There is also a beta of Branching, the ability to create a preview environment when pull requests are opened on GitHub, including database migrations which are merged to production when the pull request is merged.

According to the post, general availability is based on confidence in the scalability of the service. Over 1 million databases are now running on the managed platform, with customers including 1Password and Mozilla, which uses it for MDN Search.

OrioleDB is a replacement storage engine for PostgreSQL, designed to be distributed. It is currently in public beta. CEO and co-founder Paul Copplestone posted that the Oriole team is joining the Supabase project to build a faster storage engine for Postgres, as well as working on pluggable storage for Postgres in general. Copplestone gave assurance that “we’ll work with the Oriole team and Postgres community with the goal of upstreaming patches so that Oriole can be used with any Postgres installation.”

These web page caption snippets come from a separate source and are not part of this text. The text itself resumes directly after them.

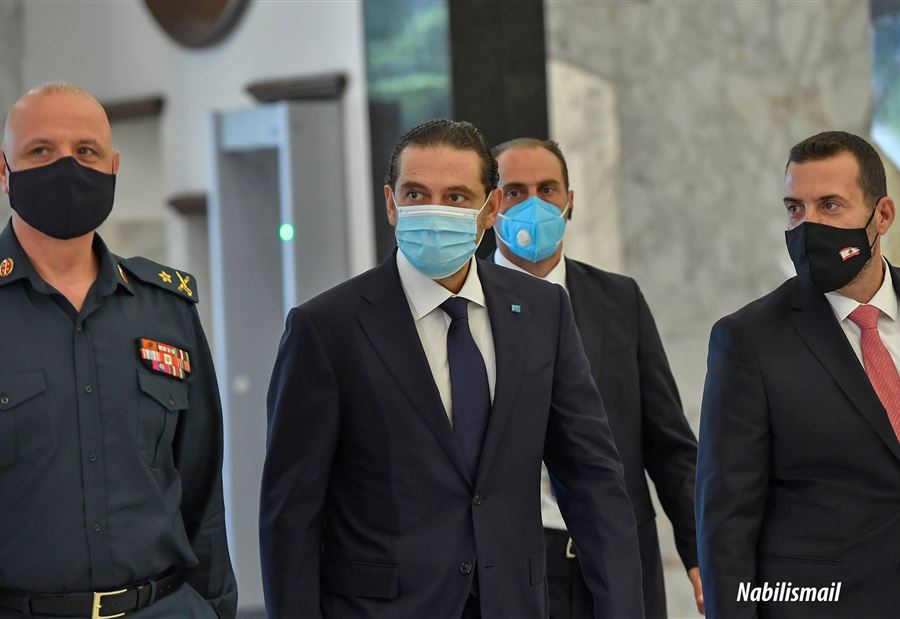 الحريري "يلقّح" فريق عمله...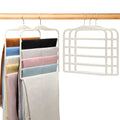 Space-Saving Pants Hangers for Closet Organization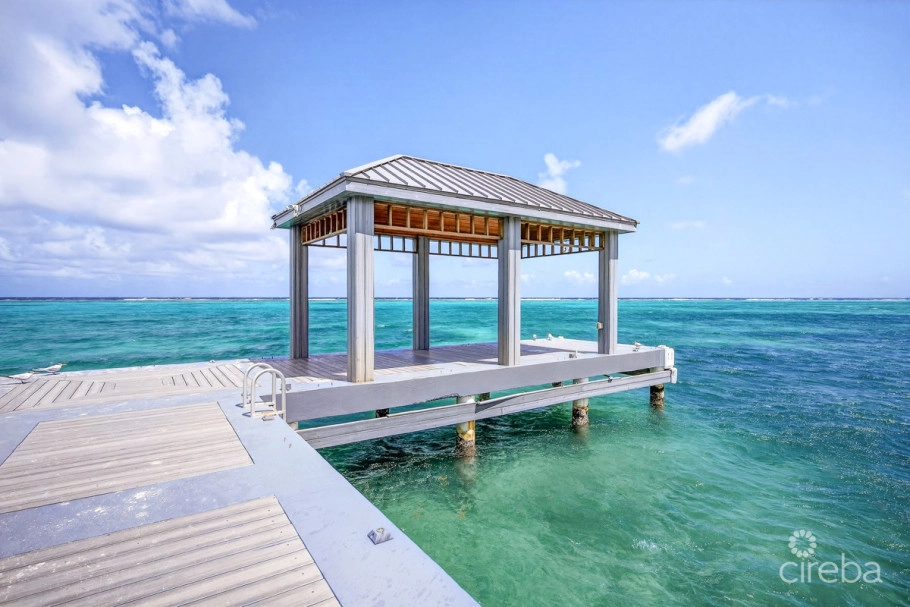 Rum Point Resort | Residence 203 Beachfront Condo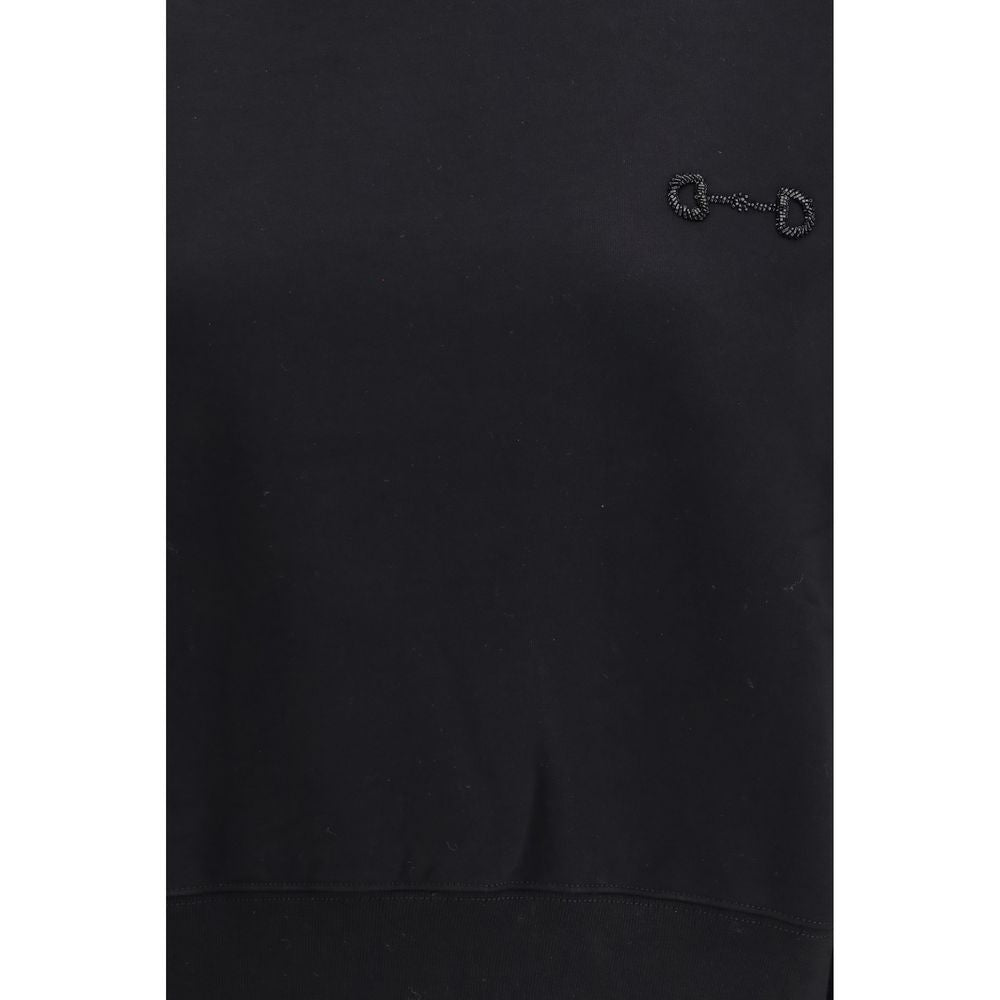 Gucci Black Cotton Sweatshirt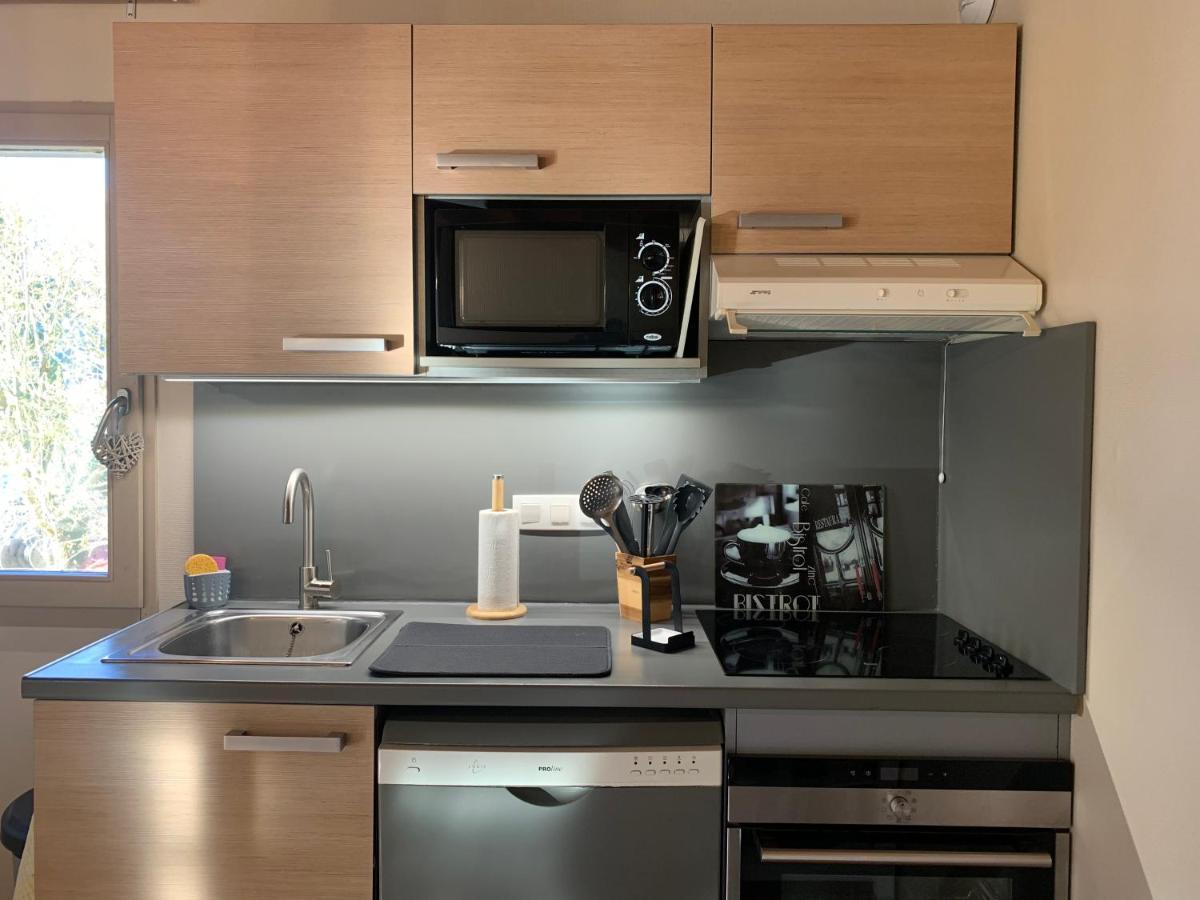 Appartement Chaleureux Chez Nadege Et Raphael Arreau Exterior foto
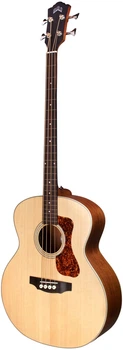 Акустическая безладовая бас-гитара GUILD B-240E Fretless (Natural)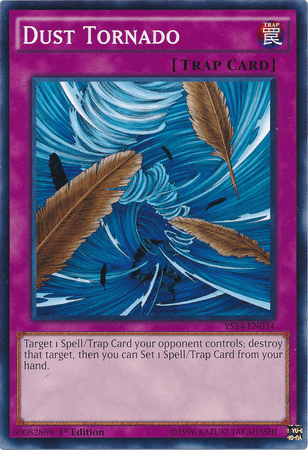 Dust Tornado [YS14-EN034] Common - Josh's Cards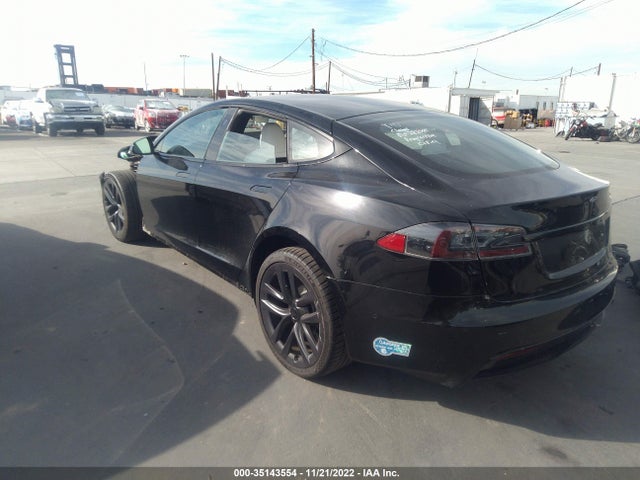 2021 Tesla Model S, VIN: 5YJSA1E56MF434706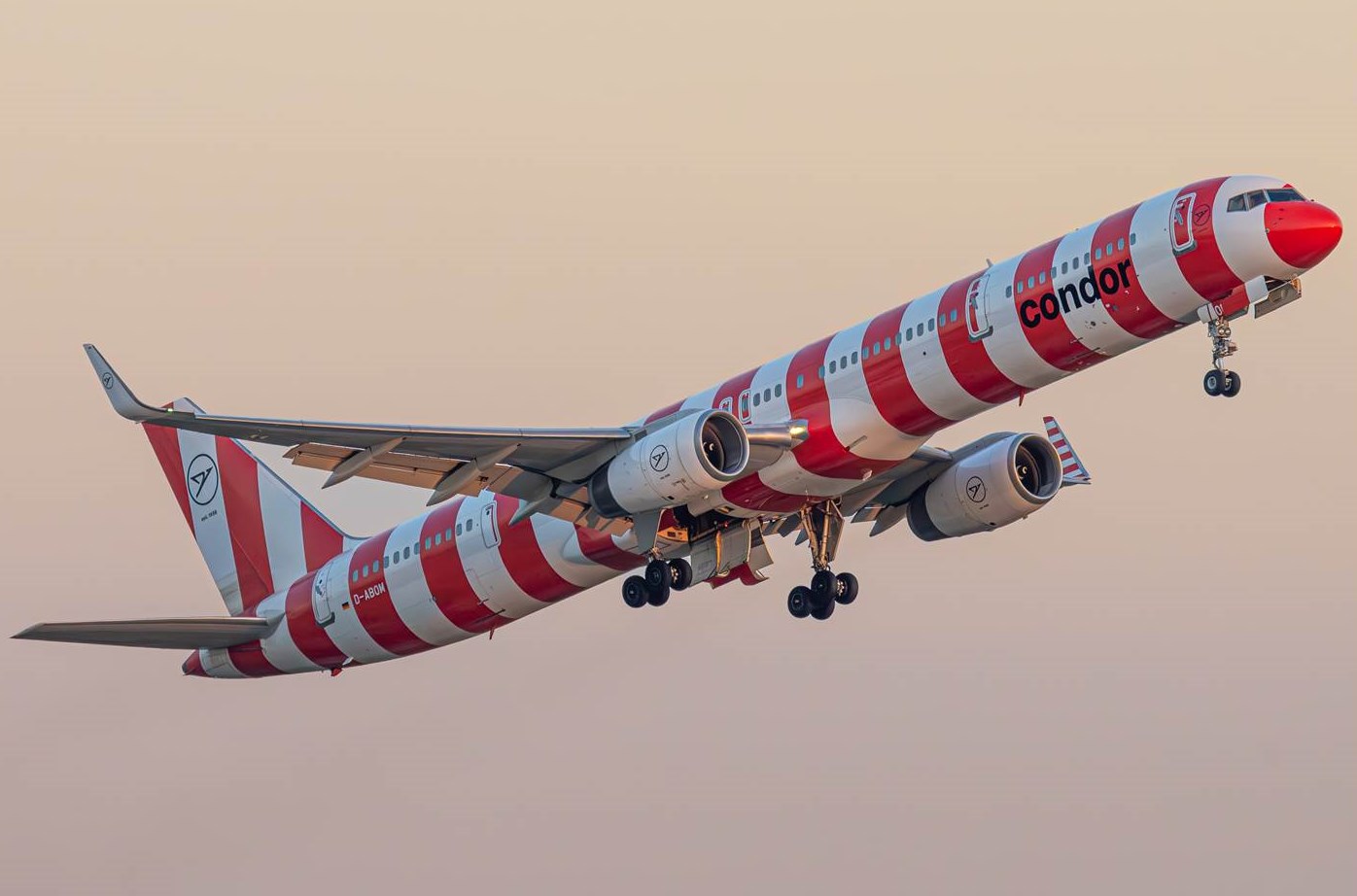 Condor B757 Passion (Bildrechte: Condor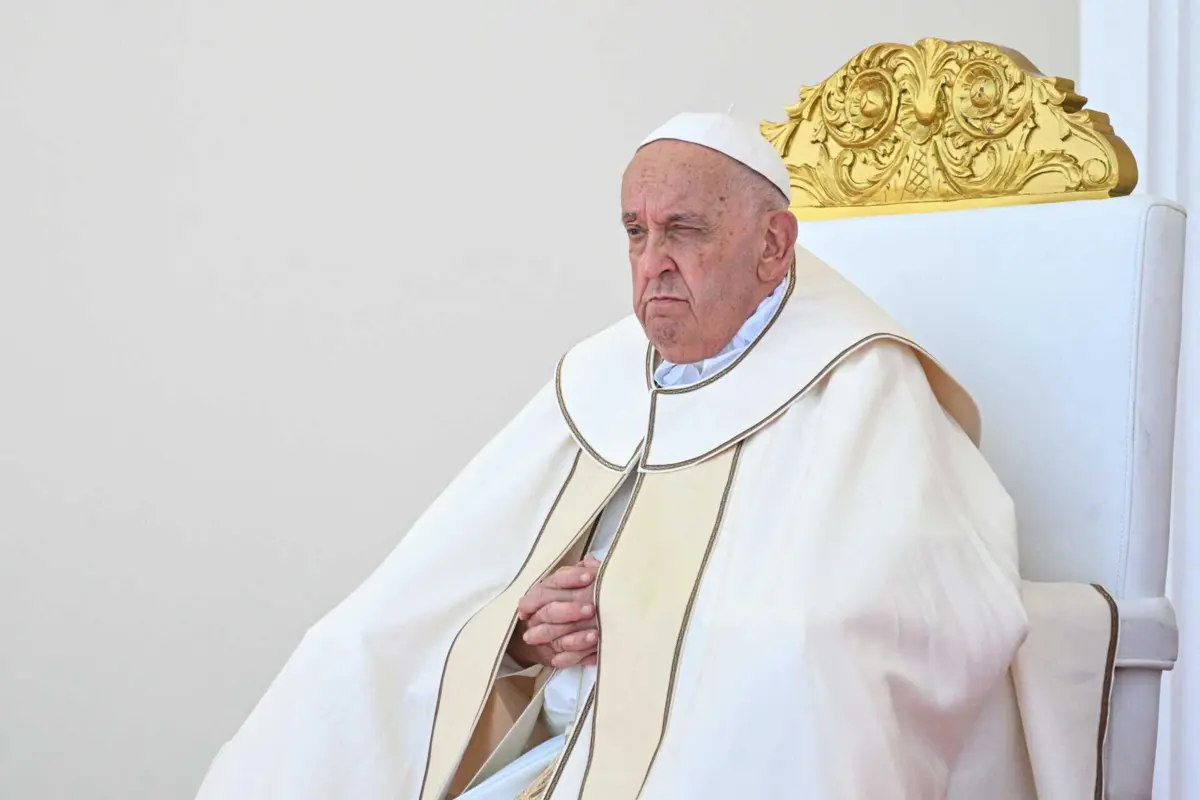 Francisco alertou a população local para terem cuidado com os "crocodilos"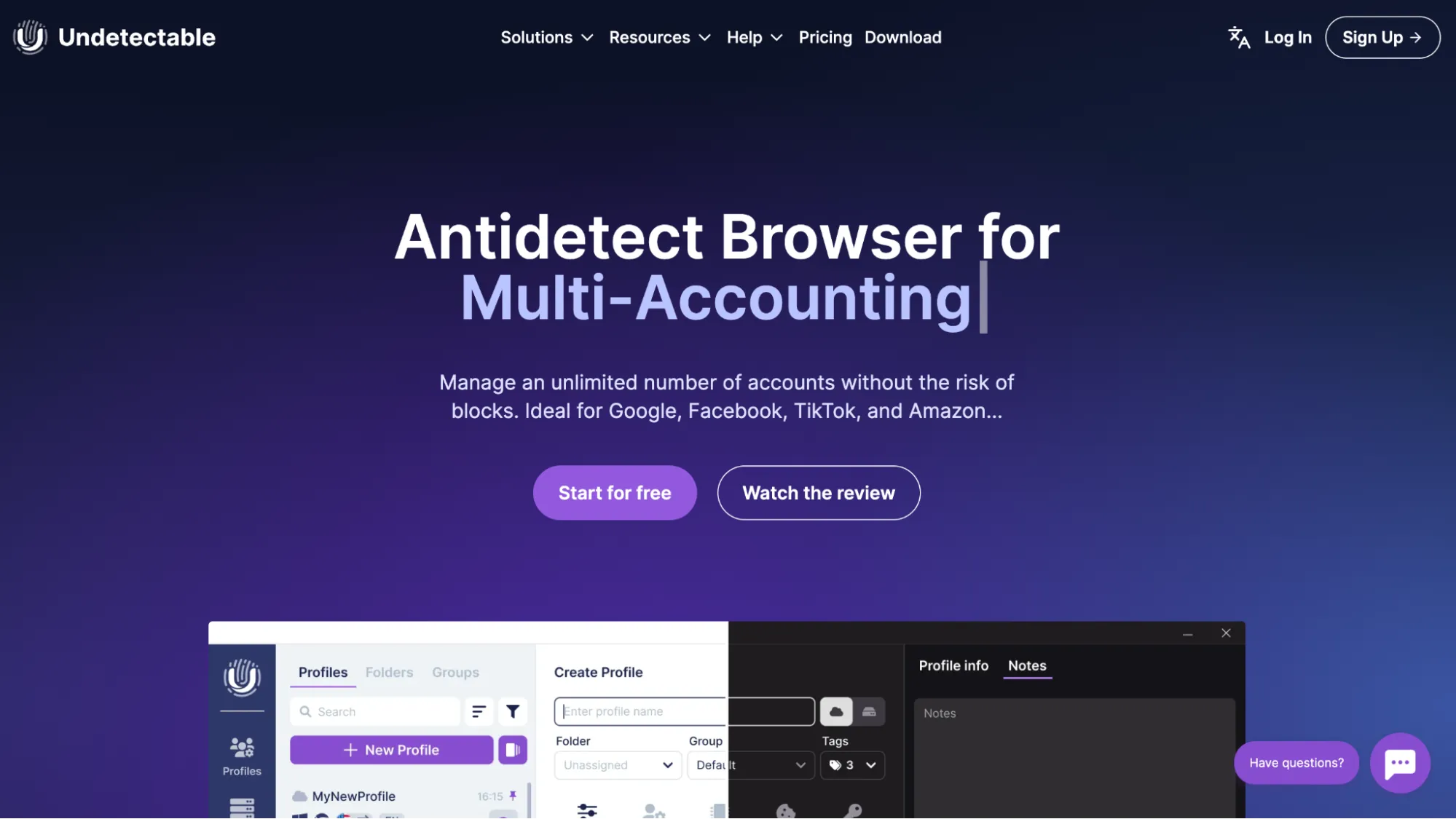 Antidetekt Undetectable Browser is a stable and cost-effective solution on the market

Swift language support is aimed at developers on Apple platforms and adds libraries which are now officially supported. A new guide shows how to build a user management app with Swift and SwiftUI, supporting user authentication and storage in a Postgres database.

Swift joins JavaScript and Flutter as fully supported languages, with Python, C# and Kotlin on offer as community contributions.

Supabase is open source on GitHub and developers are told that “all of our public repos have OSI-compliant licenses. We have no plans to change this.” The company behind it has a business based on hosting, with a limited free plan and then hosting from $25 per month.

Supabase architecture (diagram from official documentation)

Supabase first appeared just over 4 years ago, when Copplestone introduced it as a realtime server that “allows you to listen to changes in your database via websockets.” The core of Supabase is PostgreSQL, with added APIs for authentication, REST (Representational State Transfer) API, websocket engine using the Elixir language, storage API compatible with AWS S3 (Simple Storage Service), Edge functions based on Deno, API gateway based on Kong, and a dashboard for management.

Developer comments on the service are mixed. “Supabase let us launch fast which was amazing. Super powerful Postgres features without the pain of self-hosting,” said one, who added: “Functions have a critical bug that prevent us from using in development so we decided to move to our own API servers,” and then, “we were able to completely move off of it over the course of a few weeks, but continue using the self-hosted version. This is a huge benefit over something like Firebase or Amplify.”

The move to self-hosting in this case was not for cost reasons, but rather performance, with this and some others complaining of excessive latency. The open source nature of the project though gives portability for those concerned about lock-in as well as the potential for the community to fix issues.